It cannot be seen as a luxury or a privilege but has a wider social relevance which transcends the merely conformist political demands of ‘good citizenship’.

The literary intelligence, undetached and evaluatively committed, “enables us to achieve a degree of imaginative projection which is of the greatest usefulness in any concrete situation” (ibid: 50).

It is this phrasing which strongly invites an Aristotelian reading of the concept of literary intelligence. For practical wisdom, phronesis, is exactly that – the capacity of judging what is right in a contingent, unique, and unpredictable situation – and we cannot exercise phronesis without the use of the imagination. Aristotle’s phantasia plays much the same role as Bantock’s imagination: “[Aristotle’s] phantasia [is a capability] of focusing on some concrete particular, either present or absent, in such a way as to see (or otherwise perceive) it as something, picking out its salient features, discerning its content” (Nussbaum 1990: 77). This is why moral or social procedures can never be substitutes for a mature, judging mind, and once more, an emphasis on abstract intelligence prevents us “from thinking about the real capacities of children”.

(Bantock 1965a: 50). The uniqueness of every child can only be discerned imaginatively, and not methodically.

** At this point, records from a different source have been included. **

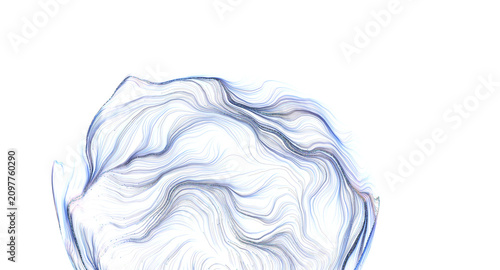 Flowing abstract pattern of...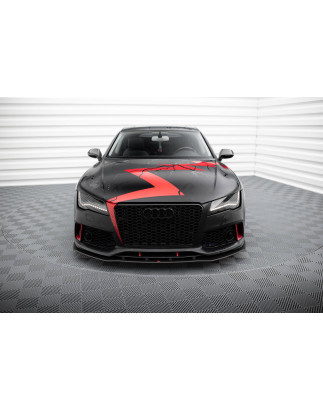 SPLITTER ANTERIORE street pro Audi A7 RS7 Look C7 (Cod. M-AUA7C7RS7LOOKCNC-FD1B)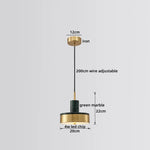 Marble Copper LED Pendant Light - Modern Hanging Lamp Chandelier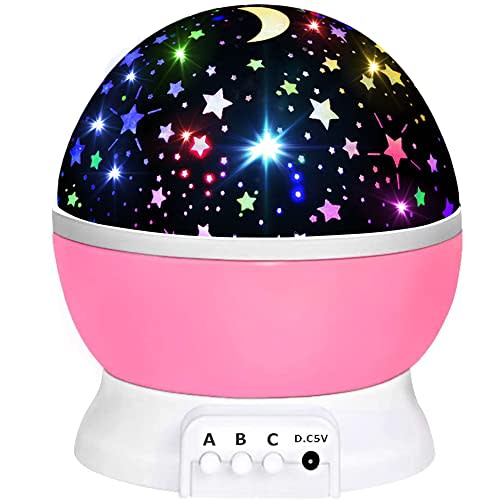 Toys for 1-10 Year Old Girls,Star Projector for Kids 2-9 Year Old Girl Gift Toy for 3-8 Year Old Girls Christmas Gift for 4-7 Year Old Boys Birthday Gift Stocking Stuffers for Kids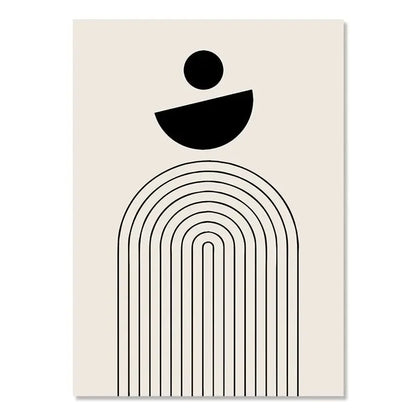 Abstract Bohemian Wall Art Poster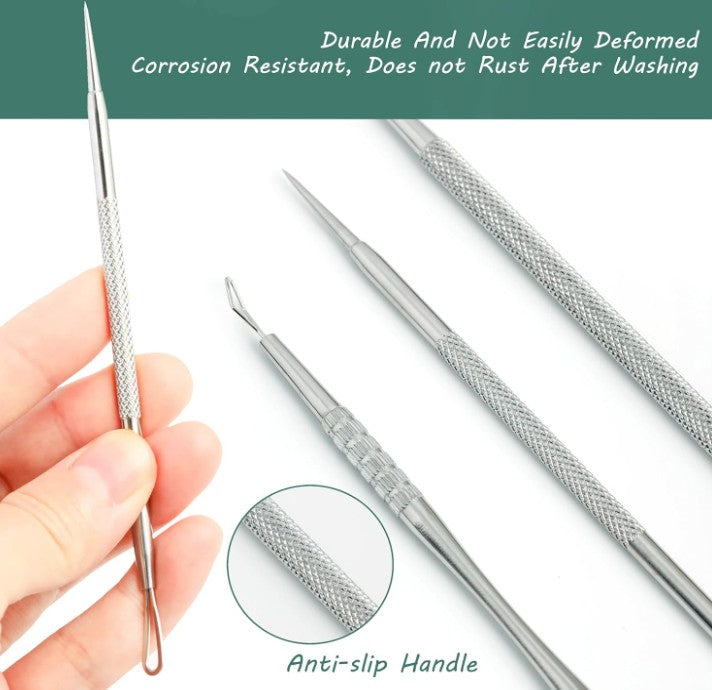 Blackhead Remover Tools, 16 PCS Pimple Popper Tool Kit, Acne Blackhead Tools for Blemish, 410 Premium Professional Stainless Acne Pimple Extractor Tool with Metal Box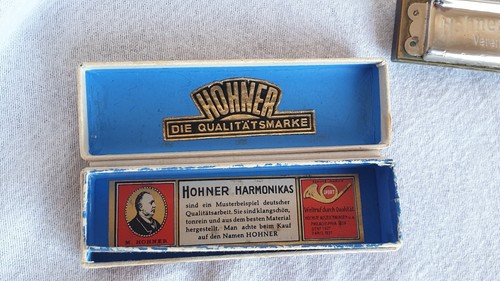 M.Hohner Mundharmonika Vereins-Harmonika Hohner Orchester I - in original Etui - Bild 4 von 11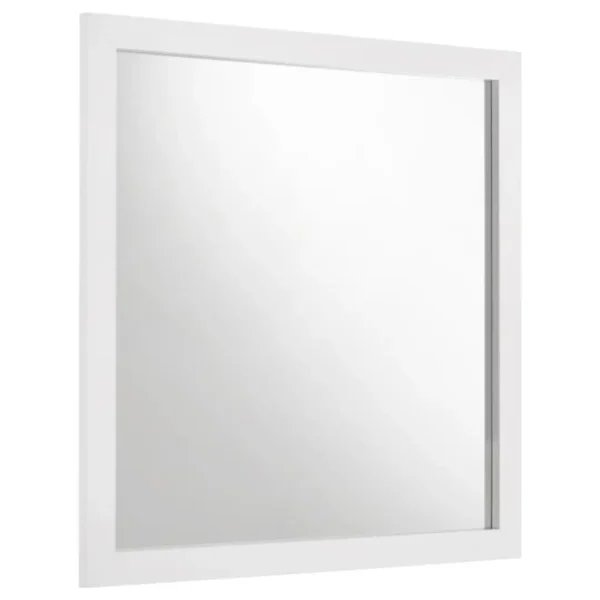 Ines White High Gloss Dresser Mirror By Coaster Furniture - Image 2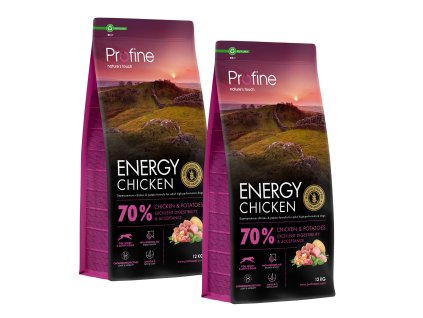 14364 profine dog dry energy chicken 24kg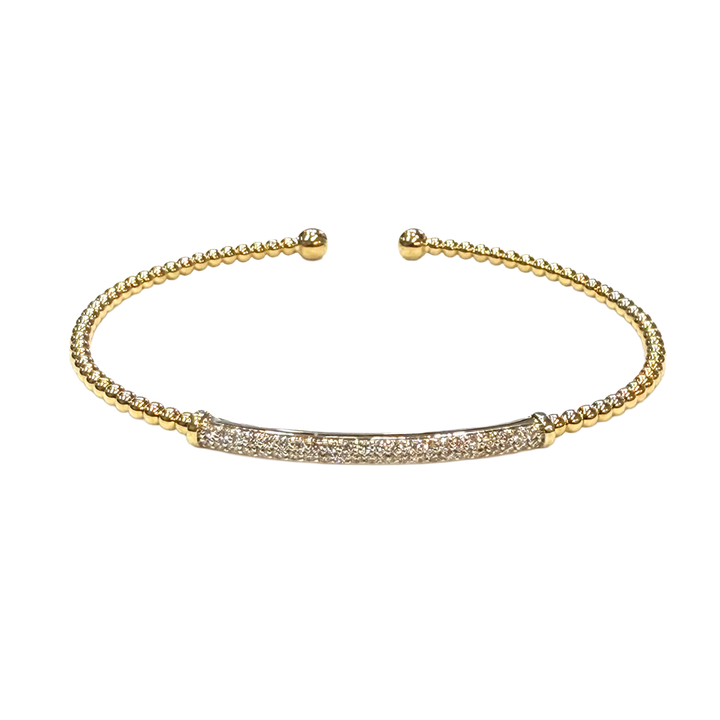 Gabriel & Co. Diamond 14K YG Cuff Bracelet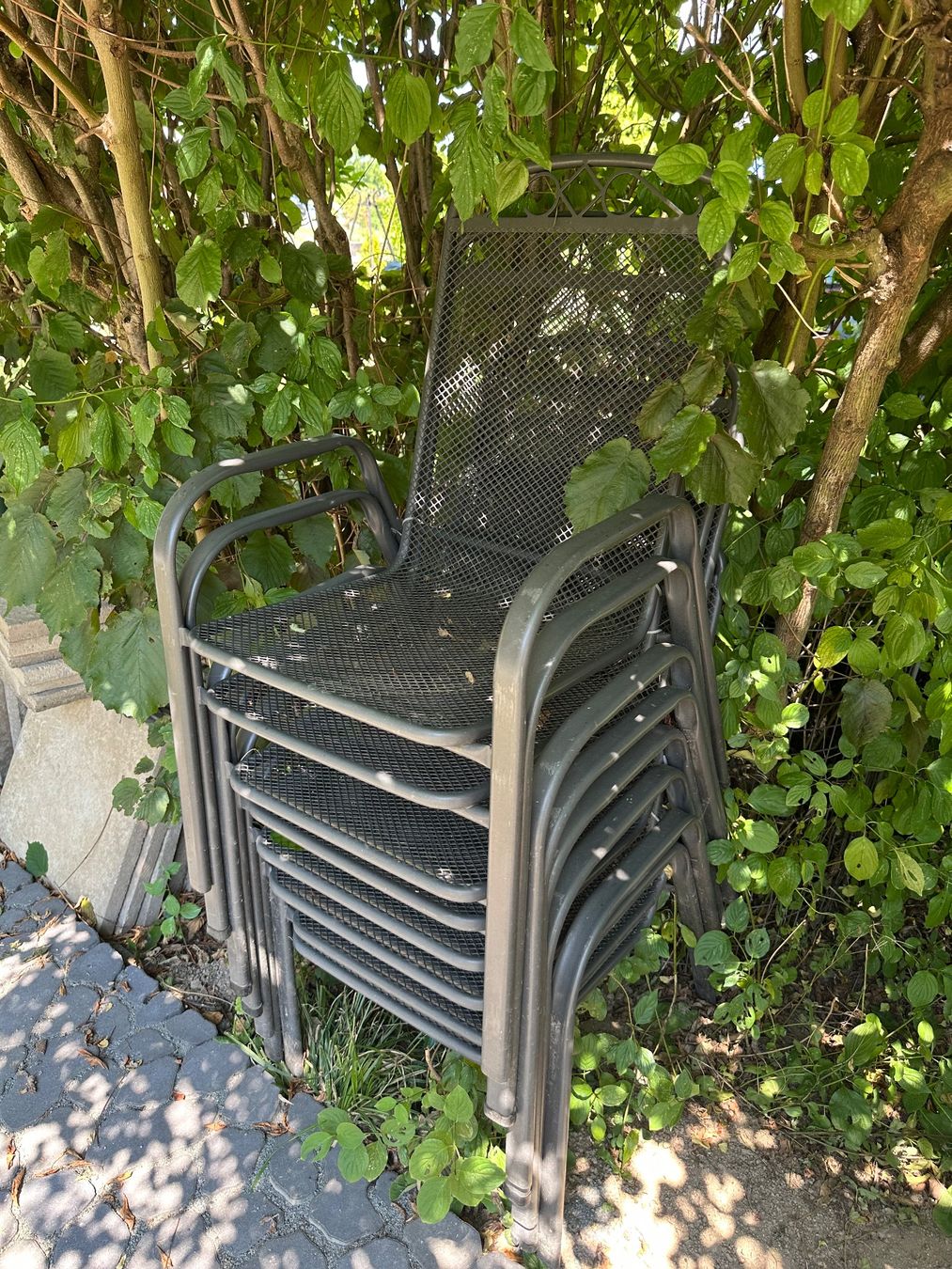 Chaises: 8 gebrauchte Gartenstühle mit Polstern – D'occasion à Richterswil par MarkusSchweiker 1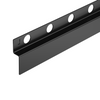 Slope profile Balneo black wall-mounted left 170 cm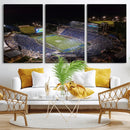 Duke University Blue Devils Football Print Canvas - Durham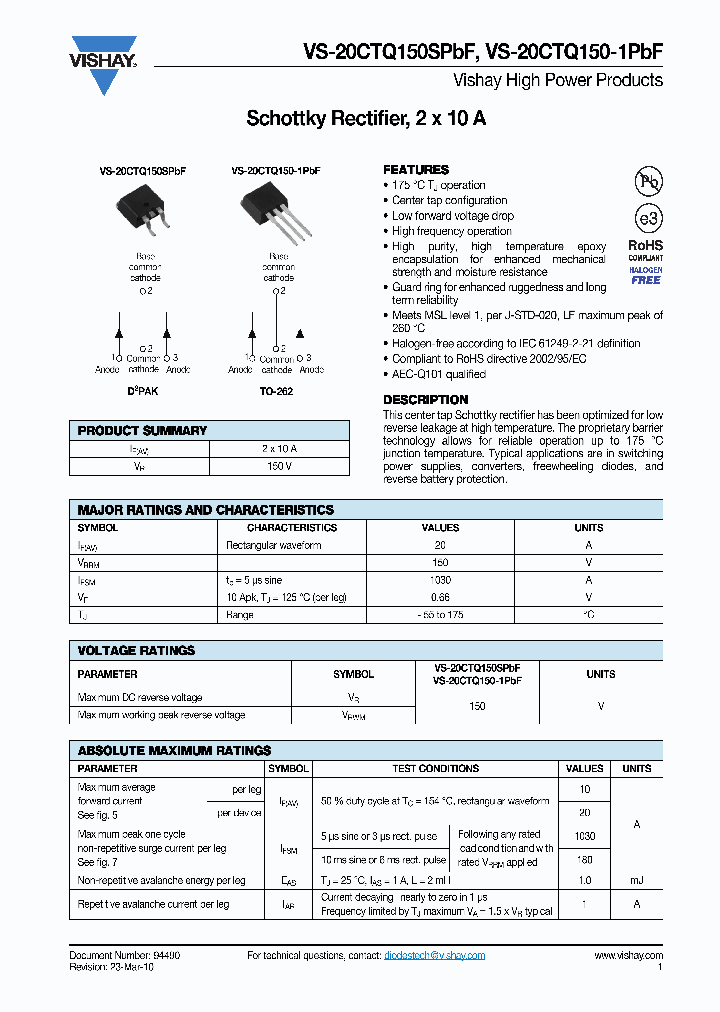 20CTQ150SPBF10_5377324.PDF Datasheet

Bantock also treats this question on how the proper exercise of the cognitive faculties relates to fictional literature in his articles “Literature and the Social Sciences” (Bantock 1981c) The emphasis is, once more, both explicitly epistemic and firmly in the Leavisite tradition:

“Leavis has always seen in literature a supreme expression of the human – and humane – consciousness; and it is this high consciousness I need.”